Leisure Seizure is in many ways worth the wait, though it’s a decidedly humble effort, not epoch-making or with any feeling of broad significance. Like Jandek’s work, Vek’s songs sound drafted in solitude and completely foreign in nature, despite their use of familiar elements. The album is studded with hooks, but it’s also strangely prickly, a quality evidenced by the title, which seems to offer a punchy moniker for the record, but, in Vek’s Queen’s English, doesn’t actually rhyme. That quirk becomes clear via his pronunciation on “Seizemic,” a track that mostly runs on what sounds like electronic bellows, pumping steadily along.

Mostly, these songs value small pieces, built off recurring synth motifs and chunks of glittery electronic noise, which leaves them feeling like repurposed rap beats. At the same time, a song like “Aroused,” with its artificial drums and goofy sound effects, could be an Ariel Pink track, were it smeared with grime and attitude. But Vek doesn’t subscribe to most trappings of modernity, meaning that experiments like this are fierce and irony free, his nose seemingly placed squarely to the grindstone.

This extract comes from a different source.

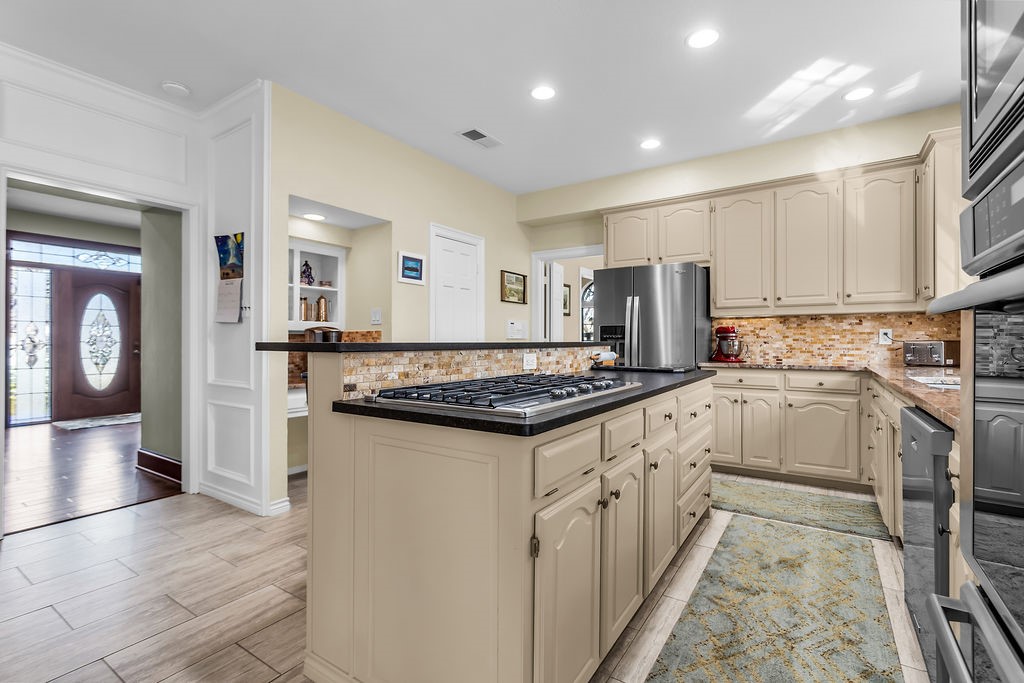 140 Creekside Drive Double Oak TX 75077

Like We Have Sound, Leisure Seizure feels inimitable not because of any great innovation or genius, but for the way it seemingly exists in its own perfectly contained universe. The same might be said for the man himself, who—by releasing a not incredibly ambitious, similarly toned album after a six-year hiatus—risks seeming completely detached from reality. But in some ways, that’s what makes Vek so attractive: He’s an outsider whose work feels like an expression of his own weirdo sovereignty.